Back-story and character relationships are another key to a strong story, and this installment goes further than anything else yet in the series. Not only is a childhood memory revealed (it's always childhood memories, isn't it?), but also, words are exchanged and gestures made between Chocolat and Pierre that will surely have long-lasting effects. It's a failproof plot device: if you want to get two characters romantically involved, just put them together in a perilous situation and watch things develop. In fact, shoving Vanilla and the rest of the supporting cast out of the way may have been the best thing to happen, as it shifts the focus onto the real heroine and tightens the story into something genuinely exciting.
For all the talk about story developments, though, Anno's art is the real magic bullet in this series. Every page is like taking a class in modern design, exploding with shapes, patterns and images that make it unlike anything else in shoujo manga. Every fantasy convention is turned on its head and pushed to the limits of the fanciful: a barren desert gets rain in the form of cocoa sprinkles; trees in the Cuillère Forest have leaves that are literally spoon-shaped. Even the character designs and outfits show a fashion sense that's at once traditional but also original (see: the ensemble given to Chocolat by the desert witch). The busy layouts of previous volumes haven't gone away, but they seem to make more sense now: the action-oriented plot is more suited to the "draw as many lines as possible" mentality, and there are enough full-page spreads to give the eye time to relax. As Chocolat makes her way through these enchanted landscapes, expect to see plenty of scenes that will induce a breathless "wow" with their elaborate beauty.
The cultural glossary in the back is a signifying trait of every Del Rey manga, but this may be the only one that uses it to explain French words rather than Japanese. The vocabulary of spells and other Magical World entities is explained thoroughly here, showing enough care and research to get the "other" foreign language right. The rest of the dialogue isn't quite so flowery, but it gets the job done, despite becoming confusingly abstract in some places (people will start talking about their feelings... and trail off... and the rest of the sentence... shows up on the next page). No matter what happens in the text, though, at least the print quality does justice to the breathtaking art.

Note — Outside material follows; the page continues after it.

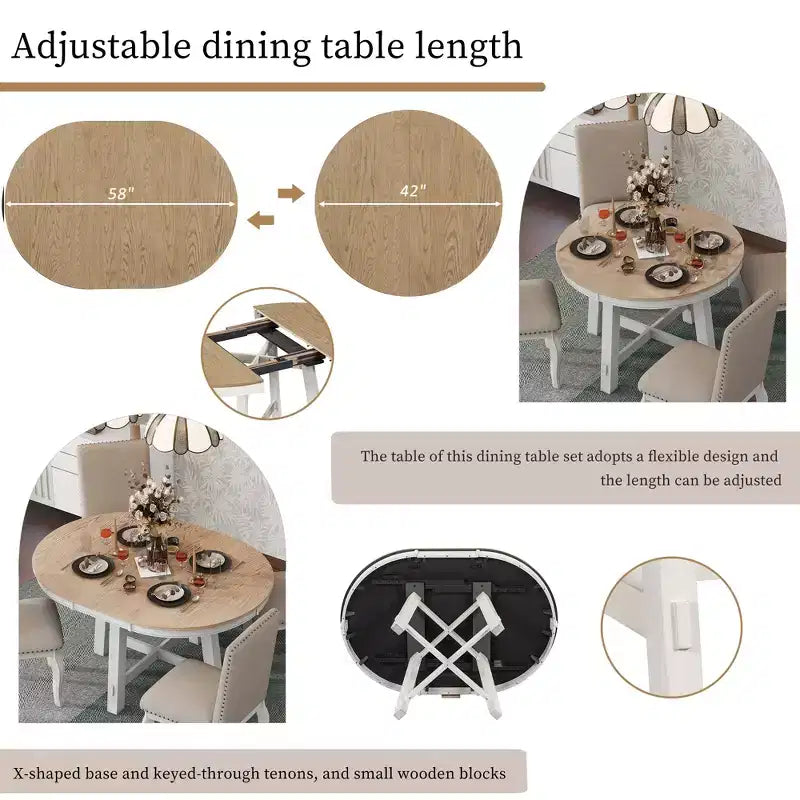 Farmhouse Round Extendable Dining Table with 16 Leaf Wood for Small Space Kitchen Living Room Apartments, Expanding From 42in to 58in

At last, after four volumes of wallowing in its own candy-themed cuteness and girly-girl appeal, Sugar Sugar Rune steps up and delivers a knockout story arc—a turning point that fans can proudly point to and say, "It gets better. RIGHT HERE." Moyoco Anno's distinctive visual flair finally has a storyline to match: a story that relies on worlds as fanciful as you can imagine, with a heroine discovering just how tough she is inside. It's one thing to be fending off pubescent boys and competing against a friend-turned-rival, but being trapped in the literal middle of nowhere with a mortal enemy (and potential love interest) at your side is a whole new battle. Even though it clocks in at number five in the series, this book ignites the spark of discovering a fantasy world for the first time, all over again.
Overall : A-
Story : B
Art : A
+ Elaborate, eye-catching art and exciting turns of plot that add new depth to the main characters.